You're asking two questions regarding "all there is are idiolects" (the comma is extraneous and will be discarded for this answer), which I'll paraphrase:
- Is "is are" a double copula here?
- Is there a grammatical problem with plurality for "is are" here?
1. Is there a double copula?
Copula
A connecting word, in particular a form of the verb be connecting a subject and complement.
- ODO
The double copula in the sense of "the thing is, is that ..." is ungrammatical. Your idiolects example has no double copula.
In the phrase all there is, the word is is not a copula - it doesn't connect a subject to a complement. It is instead an instance of the existential is. Setting aside the issue of plurality for the moment, the phrase all there is translates to all the instances.
Breaking down the sentence, we have:
- all = everything (noun);
- that: "Used to introduce a defining clause, especially one essential to identification" - definition 5 in ODO (see also example 5.1 in the same link). Constrains all to those that exist (see below);
- is = "exists" - definition 1 in ODO (see the last example in definition 1). Defines which instances of all are being considered;
- are: copula, joining "all that is" with "idiolects"; and
- idiolects: noun
So "all that is" is a noun phrase. Leaving aside the issue of plurality again for now, we can replace that noun phrase with the pronoun "they". The sentence then reduces to, and has the sense of,
they are idiolects.
As you can see, there is no double copula here. Likewise with "all there is is a cat" and "all there are is a sock".
With a cat is is all there, though, "a cat is" isn't a noun phrase. Both instances of is link a cat to all there, so that second version is a double copula and it is therefore ungrammatical.
2. Is there a grammatical problem with plurality for "is are"?
I'm still a little unsure of this part but will articulate an opinion and invite further discussion.
The plurality of all isn't in question - it has singular or plural agreement depending on what it references.

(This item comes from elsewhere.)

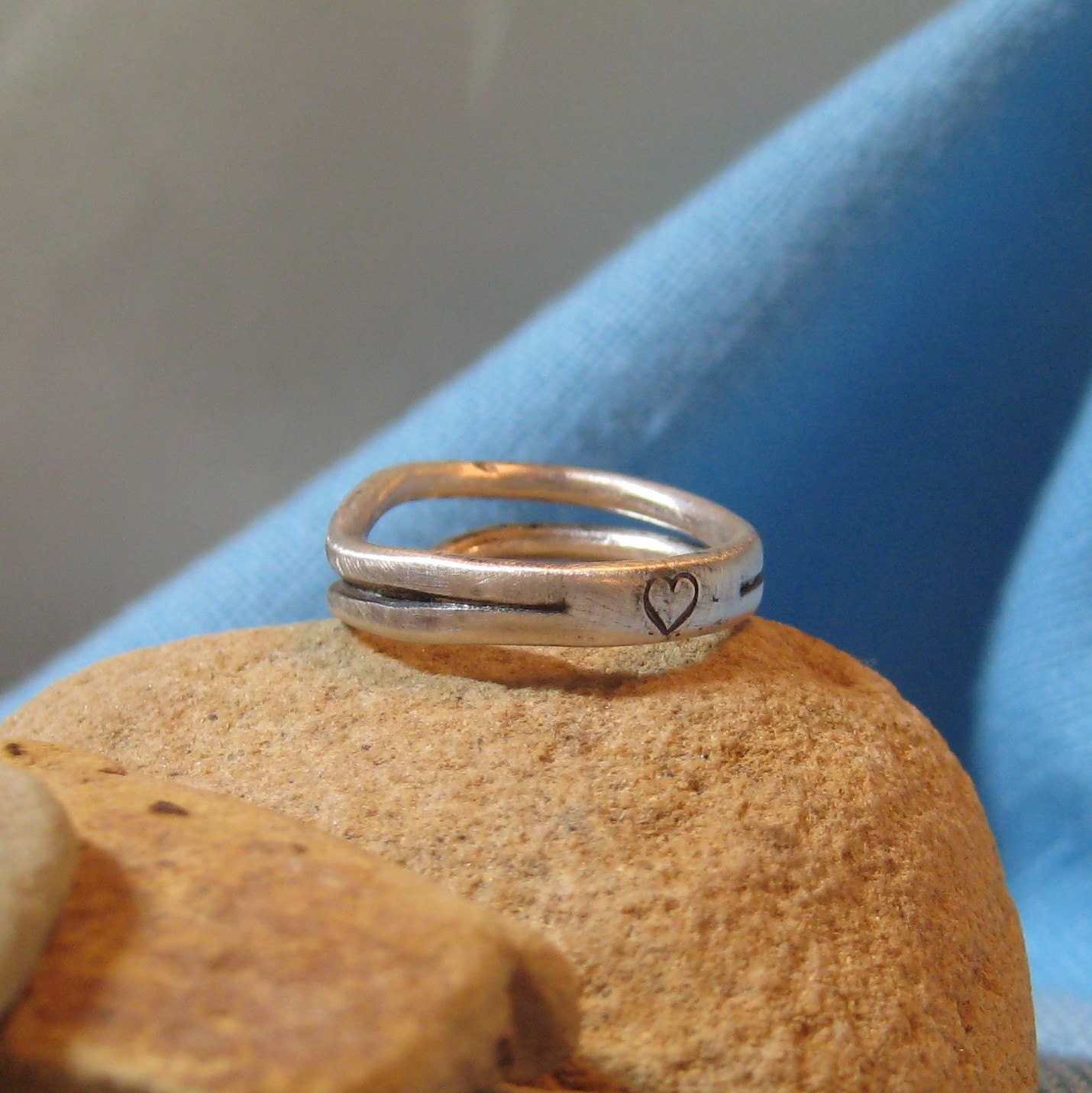 Commitment Ring Civil Union Wedding Ring Sterling Silver Stacking Bands Tiny Stamped Heart Oxidized Organic Fused Unisex JJDLJewelryArt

See this ELL answer, this EL&U answer, and rule 8 of this link. For example, "all of the roses are red" and "all of the rose is red" are both grammatical. We're then left with whether the noun phrase "all there is" can have plural agreement.
Consider a similar sentence: All that's left are scraps. The word all refers to the collection of things left behind, perhaps a few bones and some gristle. I suspect that if there is flexibility in regarding the collection as either a unit or as a plurality of its constituents, we also have the flexibility to consider the noun phrase as singular or plural. The singular case would give rise to a sentence like All that's left is scrap.
In your example, the singular case would be "all there is is idiolect", but the plural case "all there is are idiolects" is also grammatical. Note, though, that the singular case for both the scrap and idiolect examples raise the level of abstraction - they refer to the nature of the instances rather than the instances themselves.